Pros: Soundstage, resolution, imaging, isolation
Cons: Rigid cables, Very exclusive process to obtain, Expensive, Sensitive
FitEar has gained a great amount of respect these days, thanks to the venerable FitEar To Go! 334 UIEM. After having owned a TG! 334 I decided to take the plunge into my first custom, the FitEar MH335DW.
The first thing I have to mention is the whole process in obtaining these customs. FitEar is a very exclusive company, and apparently there are only two places where you can have impressions taken from a FitEar-authorized audiologist, their offices in Tokyo, Japan, and Jaben. I was lucky to have been able to get in touch with FitEar directly, months in advance, and secure a nice time to visit their office to get my impressions done. One week later and I drop by again to pick up my brand new FitEar MH335DW Custom In-Ear Monitors.
Of course you're not here for that story, so I'll cut that short and here's my review:
One of the things that you'll notice at first, using the FitEar MH335DWs, is the resolution of the CIEM. It isn't noticeable the first time using them, but after for some time it just dawns on me how much of a voyage I'm going through with my music because of them. Every time I use a FitEar IEM its always a journey of rediscovery of my music. I can't help but listen to the details presented in my music because of them. The soundstage it presents is enveloping, reminding me much of my Sennheiser HD800s (with none of the sibilance). The 3D-ness of the soundstage really brings you into this sense of losing yourself in your music. Listening to tracks like Mary Stalling's "Sunny", Amber Rubarth's "Strive", and even Rage Against the Machine's "Take The Power Back" really show how wide the soundstage of these CIEMs are, and how enveloping the sound is. The mids remain forward, but are more laid-back than the TG! 334s. All in all I can say that the MH335DWs are more transparent than the 334s, but still having a bit of "musical flavor" to make one very happy with one's music.
Another thing people would note is the fact that the "DW" in the name of the CIEM stands for "Double Woofer". Many people (at least of those whom I'd spoken to about these CIEMs) think that this means there's more bass response with aforementioned CIEMs, but that's not really the case. There's a little more bass bump on them than the TG! 334s but the bass is now more controlled on the 335s. One of my friends who owns a TG! 334 also noted that the 000 cables seemed to add a bit of bloat to the bass of the 334s, but with the control of the 335s this isn't the case, making the 000s a no-brainer (albeit expensive) upgrade from the 001 cables the 335s come with. While we're talking about bass, that same friend who has the TG! 334s made me try an "Silicon Sound System Bass Test" on his iBasso HDP-R10. On low gain and at a volume of 200, the MH335DW was able to image (without raising the volume further) bass response from 360 cycles to 10 cycles in one go.
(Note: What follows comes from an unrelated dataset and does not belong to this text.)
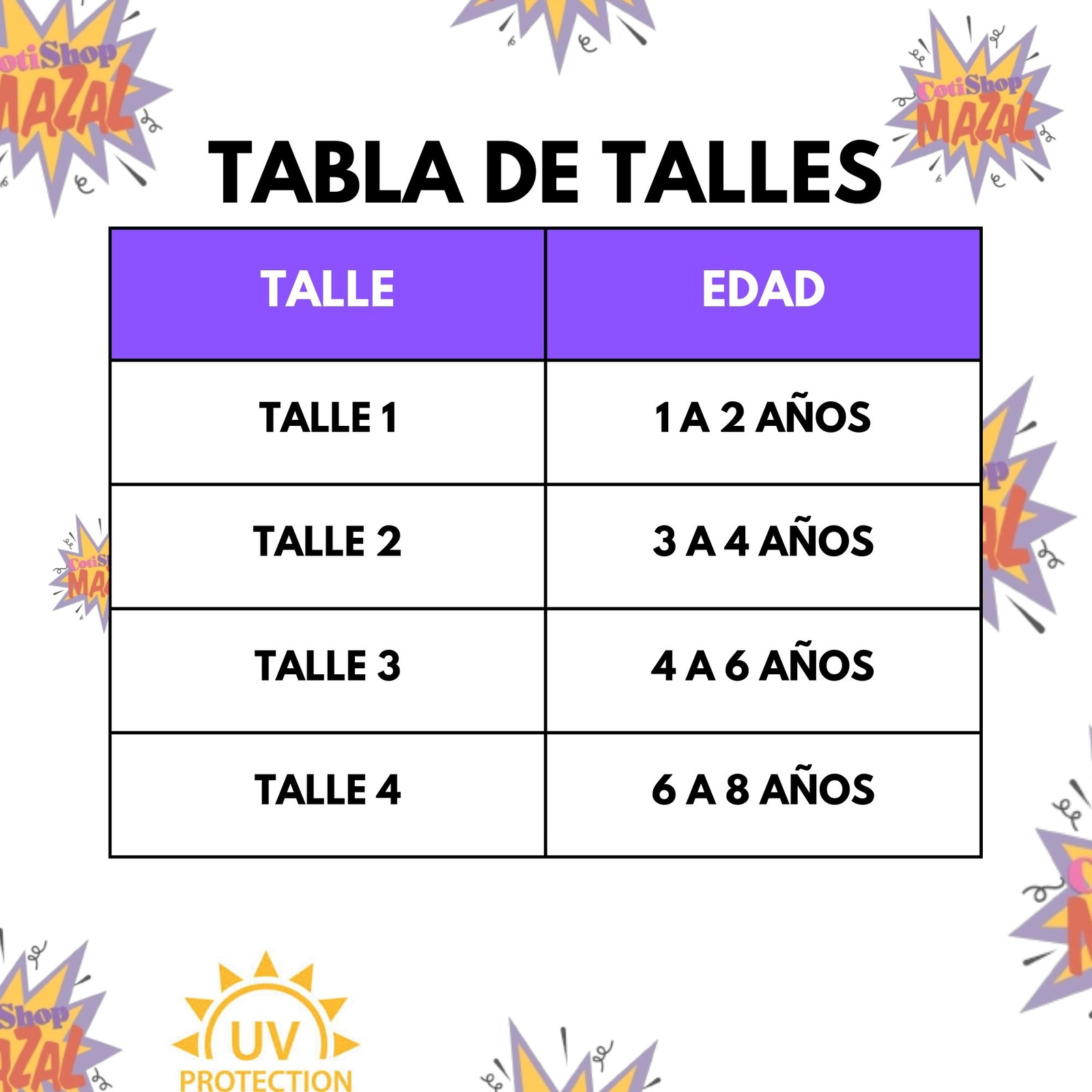 DISFRAZ SIRENA PARA EL AGUA CON TOALLA CELESTE TALLE 2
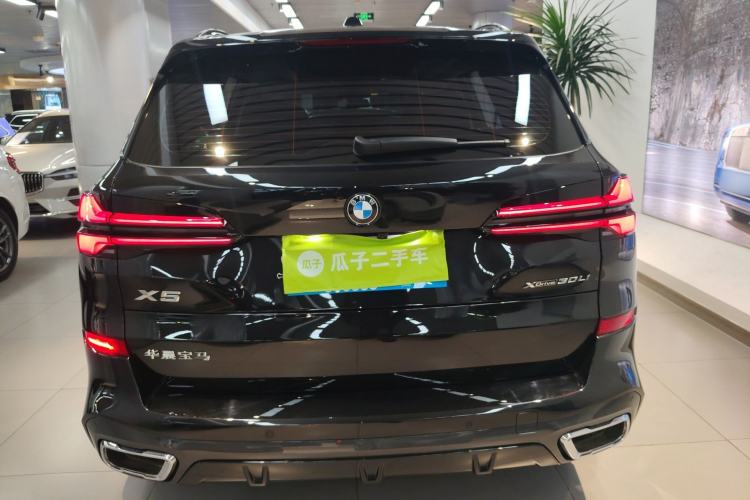 Used BMW X5 2026 Model, xDrive 30Li Prestige M Sport Night Package Rear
Also as my first pair of CIEMs, the first time I put them in made me notice how "tight" they felt, but not the tight that made me uncomfortable (I was actually waiting for the discomfort, but found none). Isolation was very good, with only minimal noise actually bleeding out and going in. The build quality is very top-notch, as well. Though one thing that people will notice is, just like the TG! 334, the MH335DW is very very sensitive. I've used these with several DAPs and setups since after getting them and I've heard hiss on some of them (The RSA Intruder [almost none], The ALO International [minimal], The Altmann Tera Player [minimal], Continental V3 [heavy hiss]), but on others like the RWAK100 and the headphone out on my MacBook Pro, there's no hiss at all.
I guess my final say has to be this:
This is an endgame CIEM for me, not my last one but I think its a great "final point" in someone's audiophile journey. Its very hard to say if there will be anything that will challenge this, but I'm planning to pick up more CIEMs now, as I've finally entered this stage in my audiophile life, and compare them to this amazing CIEM. I'll say this isn't a "bang-for-buck" CIEM but if you can shell out the cash, time, and voyage to get them done, I don't think you'll be disappointed.
I love my FitEar MH335DWs, and I look forward to rediscovering more of my music with them.